酪農ヘルパーになるのに、資格がいるのでしょうか。ズバリ、資格は必要ありません。ただし、まったくの未経験者が、今すぐ酪農ヘルパーになれるかというと、それは無理でしょう。牛の乳しぼり(搾乳)などの専門的な作業は正直いって、経験がないと厳しいでしょうから。

それにたとえ、本人が「牛が好きで、やる気があります」と言ったところで、酪農家の側がなかなか依頼する気にはならないでしょう。乳しぼりにしろ、牛舎の清掃にしろ、作業はもちろんのこと、牛の扱いにも慣れている必要があるからです。

ただし、酪農ヘルパーそのものの需要は極めて高いといっていいでしょう。よほど規模の大きな牧場であれば、誰かが何日かお休みしても、他のスタッフでカバーできることがあります。しかし、そうとばかりは限りません。酪農家は家族経営であるケースも少なくなく、病気やケガ、冠婚葬祭などがあると困ったことになりかねません。

そこで頼りになるのが、酪農ヘルパーの存在です。自分たちに代わって朝夕の乳しぼりや清掃などをしてくれる経験豊富な酪農ヘルパーがいると、安心してお休みすることができますから。

酪農家がお休みしたいときに業務を委託する酪農ヘルパーは、地域の酪農家が協力しあって運営する組合や農業団体が運営していることが少なくありません。ちなみに、酪農ヘルパー全国協会は1999(平成11)年に設立され、すでに20年を超える歴史を持っています。酪農業の発展において、酪農ヘルパーが担ってきた部分は決して少なくない、といっても過言でないでしょう。

また、酪農ヘルパーには酪農家が急にヘルパーをお願いしたいときに依頼される「臨時ヘルパー」と、毎月決まった日数、サポートを行う「専任ヘルパー」がいます。それらのヘルパーは、全国の酪農ヘルパー利用組合に登録しています。
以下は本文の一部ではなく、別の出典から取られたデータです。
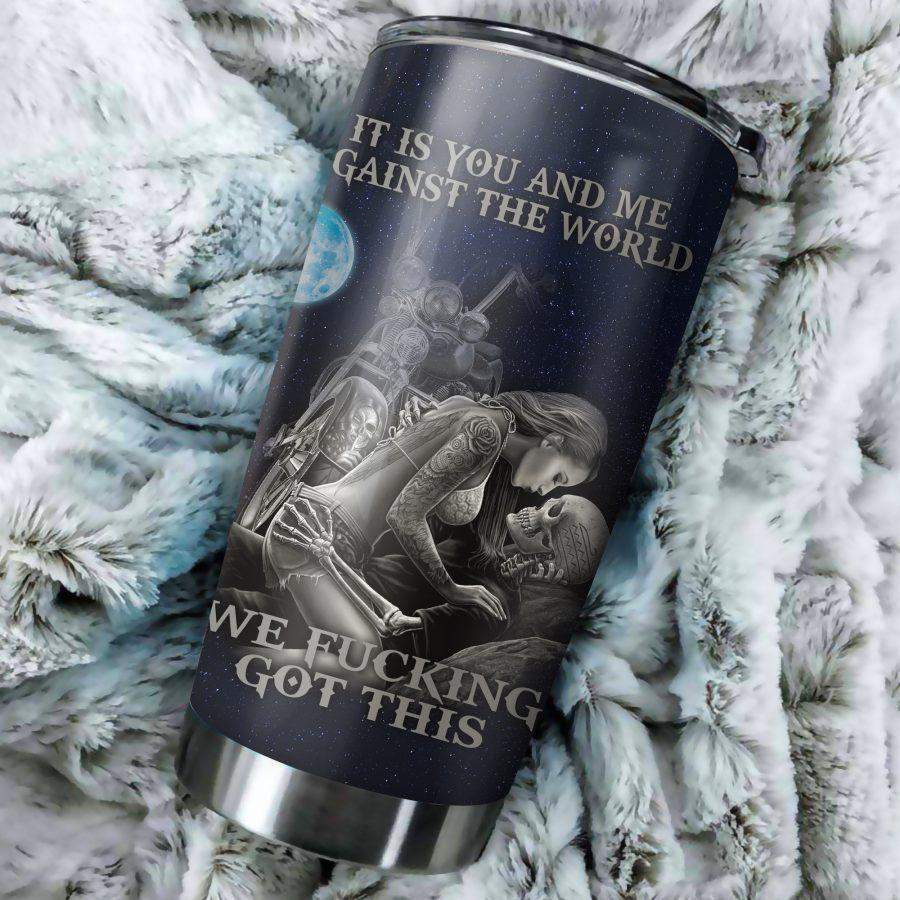 It Is You And Me Against The World Skull Couple Stainless Steel Insulated Tumbler Cup 17oz/20oz/30oz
需要が極めて高く、ますます重要度が増す「酪農ヘルパー」

ここまで酪農ヘルパーについて語ってきましたが、酪農家がお休みできるようにピンチヒッターとして活躍するだけではありません。いや、ピンチヒッターとして酪農家の仕事を代行するのは、確かなのですが、それだけはないのです。
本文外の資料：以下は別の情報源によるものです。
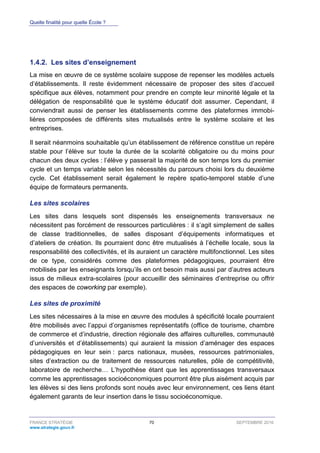 Quelle finalité pour quelle École ?
FRANCE STRATÉGIE 70 SEPTEMBRE 2016
www.strategie.gouv.fr
Les sites d’enseignement1.4.2.
La mise en œuvre de ce système scolaire suppose de repenser les modèles actuels
d’établissements. Il reste évidemment nécessaire de proposer des sites d’accueil
spécifique aux élèves, notamment pour prendre en compte leur minorité légale et la
délégation de responsabilité que le système éducatif doit assumer. Cependant, il
conviendrait aussi de penser les établissements comme des plateformes immobi-
lières composées de différents sites mutualisés entre le système scolaire et les
entreprises.
Il serait néanmoins souhaitable qu’un établissement de référence constitue un repère
stable pour l’élève sur toute la durée de la scolarité obligatoire ou du moins pour
chacun des deux cycles : l’élève y passerait la majorité de son temps lors du premier
cycle et un temps variable selon les nécessités du parcours choisi lors du deuxième
cycle. Cet établissement serait également le repère spatio-temporel stable d’une
équipe de formateurs permanents.
Les sites scolaires
Les sites dans lesquels sont dispensés les enseignements transversaux ne
nécessitent pas forcément de ressources particulières : il s’agit simplement de salles
de classe traditionnelles, de salles disposant d’équipements informatiques et
d’ateliers de création. Ils pourraient donc être mutualisés à l’échelle locale, sous la
responsabilité des collectivités, et ils auraient un caractère multifonctionnel. Les sites
de ce type, considérés comme des plateformes pédagogiques, pourraient être
mobilisés par les enseignants lorsqu’ils en ont besoin mais aussi par d’autres acteurs
issus de milieux extra-scolaires (pour accueillir des séminaires d’entreprise ou offrir
des espaces de coworking par exemple).
Les sites de proximité
Les sites nécessaires à la mise en œuvre des modules à spécificité locale pourraient
être mobilisés avec l’appui d’organismes représentatifs (office de tourisme, chambre
de commerce et d’industrie, direction régionale des affaires culturelles, communauté
d’universités et d’établissements) qui auraient la mission d’aménager des espaces
pédagogiques en leur sein : parcs nationaux, musées, ressources patrimoniales,
sites d’extraction ou de traitement de ressources naturelles, pôle de compétitivité,
laboratoire de recherche… L’hypothèse étant que les apprentissages transversaux
comme les apprentissages socioéconomiques pourront être plus aisément acquis par
les élèves si des liens profonds sont noués avec leur environnement, ces liens étant
également garants de leur insertion dans le tissu socioéconomique.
酪農ヘルパーは、全国の酪農ヘルパー利用組合を通して、必要とされる酪農家の仕事をサポートしていますが、これは個々の酪農家の仕事を手助けしているというより、日本の酪農業全体を支えているといっても過言ではありません。

実際、個々の酪農家が酪農ヘルパーを利用する平均日数は増えているにも関わらず、酪農ヘルパーの数は不足していて、全国にある多くの酪農ヘルパー利用組合は、酪農ヘルパーの確保に大変苦労しているのが事実。逆にいえば、酪農ヘルパーの需要は常に高く、引く手あまたといえるでしょう。

前述したように酪農ヘルパーになるのに資格は必要ありませんが、普通自動車免許は必要。農場は郊外になることがほとんどで、クルマで通勤することも多く、トラクターを運転して畑作業を手伝う必要性が出てくる場合もあります。

ちなみに、トラクターは普通自動車免許のAT限定でも運転することが可能ですが、大型トラクターを運転する場合は大型特殊免許が必要になってきます。つまり、大型特殊免許を持っている酪農ヘルパーは就職がより有利になるといってほぼ間違いないでしょう。

繰り返しますが、酪農ヘルパーはその数が不足しているだけでなく、将来的にも高い需要が見込める職業のひとつ。また、地域によっては酪農ヘルパーとして経験を積み、将来的に牧場経営に取り組みたいと考えている人をサポートする動きもあるほど、重要視されています。酪農の未来を担うといっていいくらい、酪農ヘルパーは大切な仕事です。

まとめ

酪農ヘルパーについては大学で学ぶこともでき、その場合は農学部、畜産学部、生物自然科学部などがある大学を選択するといいでしょう。専門学校で酪農ヘルパーの勉強ができるところもあります。

いずれにしても酪農業において、酪農ヘルパーが必要とされていることは間違いありません。ただし、未経験者がすぐになれるものではありません。極めて重要な存在ではありますが、酪農ヘルパーになるなら、まずは酪農の現場で経験を積み、酪農家や地域とのつながりを築くことをおすすめします。